Thursday, May 13, 2010
C.A. Tosses Suit Over Seizure of Horses From Sanctuary
By STEVEN M. ELLIS, Staff Writer
This district’s Court of Appeal yesterday threw out a suit by an Antelope Valley horse sanctuary claiming the County of Los Angeles wrongfully seized 109 horses for neglect.
Div. Seven in an unpublished opinion said a trial court did not err in relying on an animal control hearing officer’s report finding that the seizure was proper because the animals at Equus Sanctuary in Pearblossom were neglected and not provided veterinary care.
County agents entered the premises of the nonprofit corporation—which identified its mission as rescuing old, sick, injured or disabled horses from slaughter—and seized the horses, 14 cats and a dog in June 2008 following complaints about animals on the property.
Investigators said some horses were emaciated, had open sores or could barely walk, and lacked food and water. They also said at least a dozen horses had to be euthanized, along with the cats and dog.
The facility’s caretaker, Janis Ridgeway Damiani, was charged with 30 counts of animal cruelty, but pled guilty to two counts under an agreement with prosecutors. She was sentenced to two years and eight months in state prison.
The county in September 2008 presented Equus with a bill for the cost of the seizure, impoundment, care and boarding fees for the horses. The bill included a copy of a report by a hearing officer from the Southeast Area Animal Control Authority in Downey following the horses’ seizure determining that it was valid under Penal Code Sec. 597.1.
Equus then brought claims for conversion, trespass to chattels and other claims against the county, alleging that the seizure was wrongful.
The county demurred, pointing to the hearing officer’s report and Damiani’s conviction, and Los Angeles Superior Court Judge David L. Minning dismissed the action.
Minning—taking judicial notice of an official transcript of the postseizure hearing, the hearing officer’s report, the criminal complaint against Damiani and a certified copy of her conviction record—said Equus’ allegations of wrongful seizure were “directly contradicted” by the judicially noticed facts.
He also found that the county’s decision to seize the horses was discretionary, giving the county immunity from liability for the decision to do so.

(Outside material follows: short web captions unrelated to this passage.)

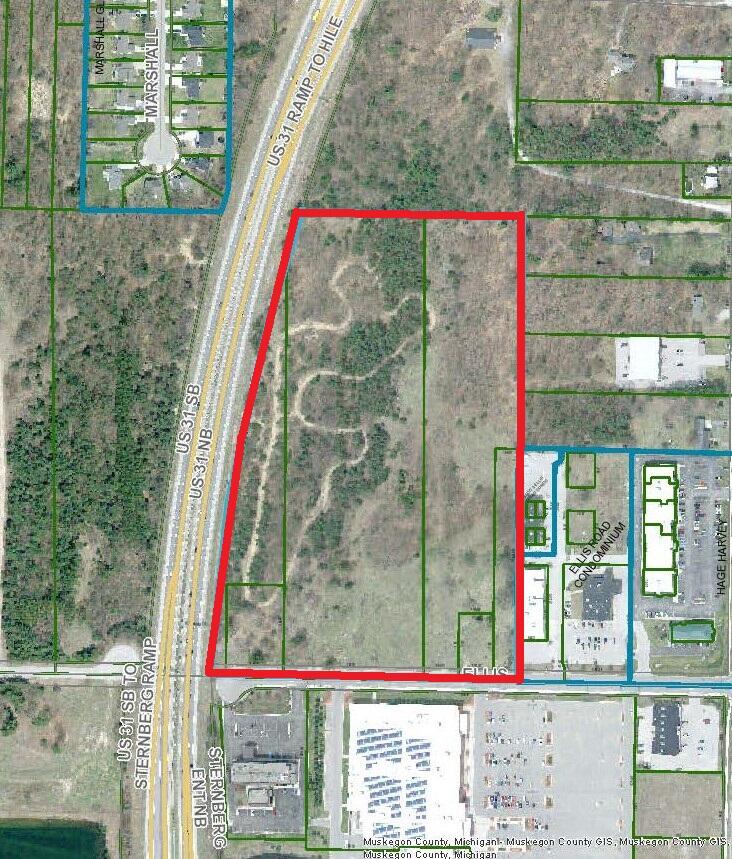 1404 E Ellis Road Norton Shores City MI 49444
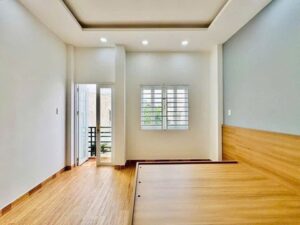 BÁN NHÀ ĐẸP LÊ VĂN THỌ GÒ VẤP Dưới 6 TỶ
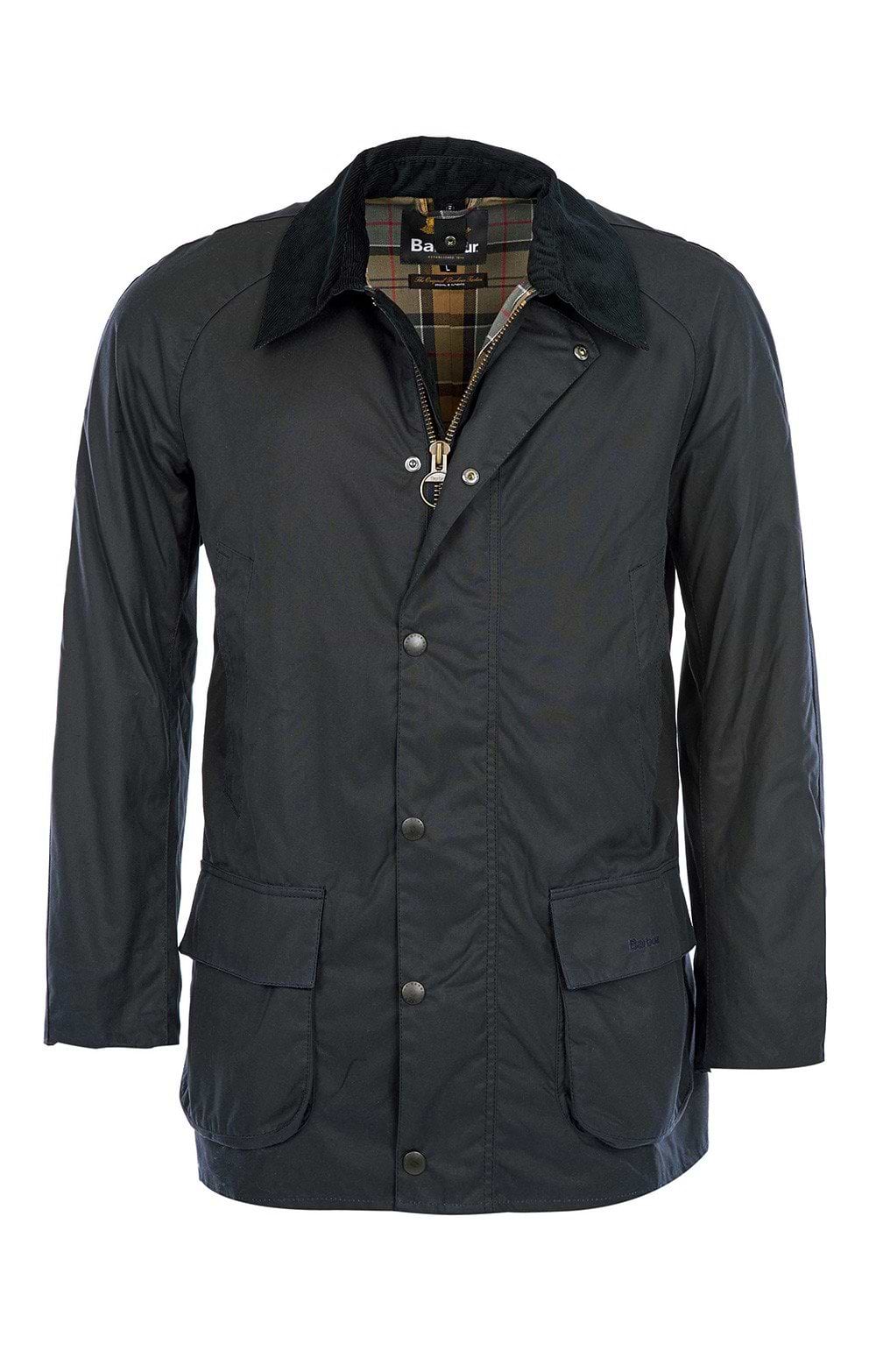 Men's Barbour Bristol Waxed Jacket | Men's Jackets & Blazers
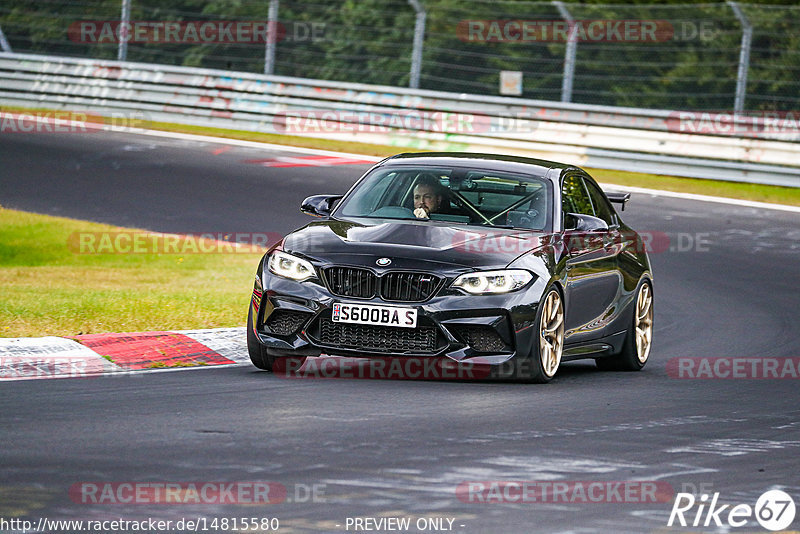 Bild #14815580 - Touristenfahrten Nürburgring Nordschleife (01.10.2021)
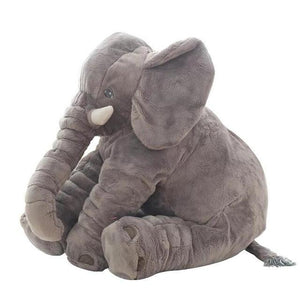 Height Large Plush Elephant Doll Toy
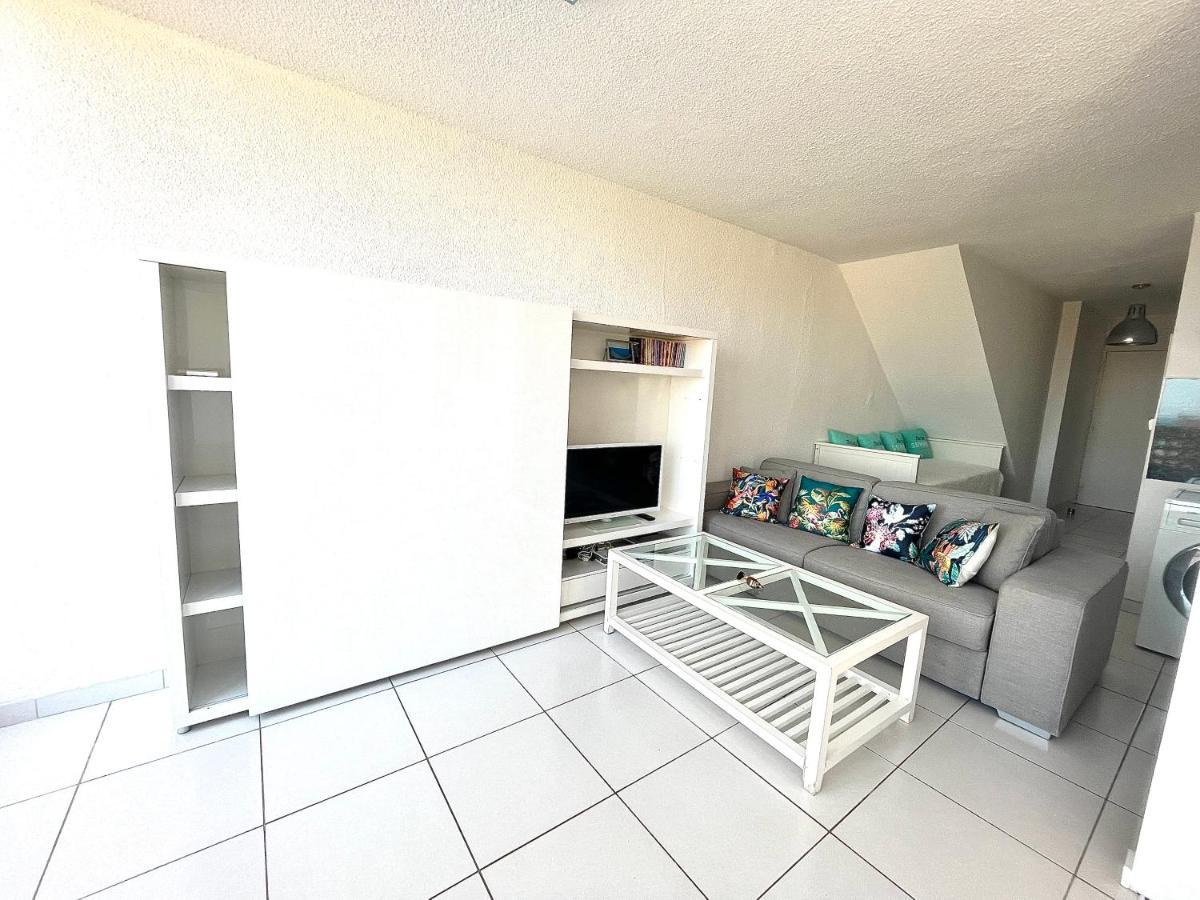 Barcaresa-Elegant Appartement Vue Mer Wifi Parking เลอบาร์กาแรส ภายนอก รูปภาพ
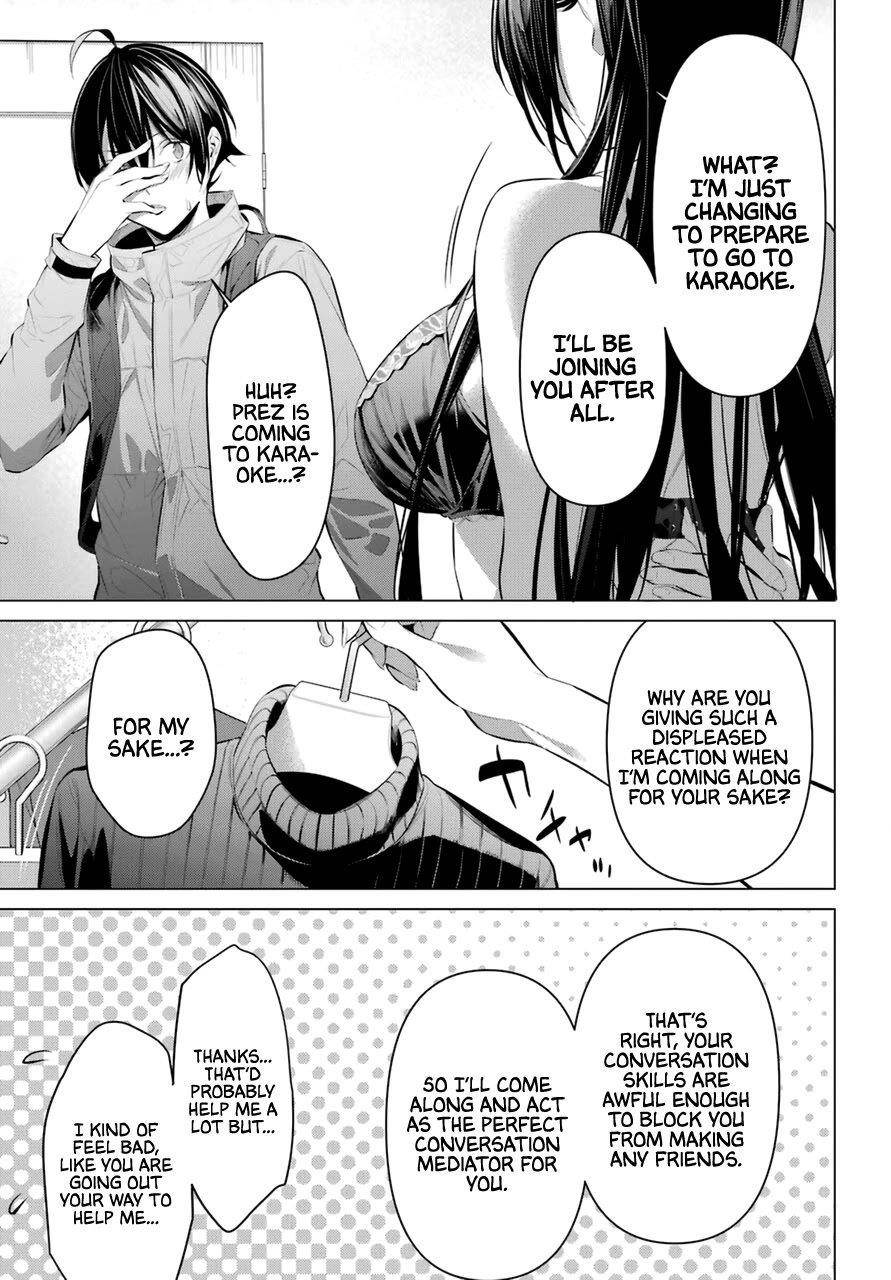 Please Put Them On, Takamine-san Chapter 31 - Page 31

On appeal, Equus challenged Minning’s decision to take judicial notice of the documents, arguing that the transcript and the report did not relate to an “official” act because the hearing officer’s employer, SEAACA, was a private entity.
But Justice Frank Y. Jackson wrote that Sec. 597.1 made it clear that notice could be taken of the report because the hearing itself was an act of the county’s Department of Animal Care and Control, a local administrative agency under Evidence Code Sec. 452.
He also rejected Equus’ argument that the hearing report could not be judicially noticed because it was not final, having only been served on their attorney. Assuming for the sake of argument that the report did not become final 90 days after it was mailed to Equus’ counsel, or 90 days after Equus received a copy of the report along with the county’s bill, Jackson said Equus’ delay was subject to the defense of laches.
“Plaintiffs’ failure to file a petition for writ of mandate and continued insistence that the administrative decision is not yet final, despite having indisputably received notice of that decision, flies in the face of common sense,” he wrote. “Their delay in filing a petition and the prejudice which unquestionably would result were they to be permitted to file such a petition at this juncture in the proceedings call for the application of the doctrine of laches to bar any challenge to the administrative decision.”
Justice Fred Woods and Los Angeles Superior Court Judge John L. Segal, sitting by assignment, joined Jackson in his opinion.
The case is Equus Sanctuary v. County of Los Angeles, B216249.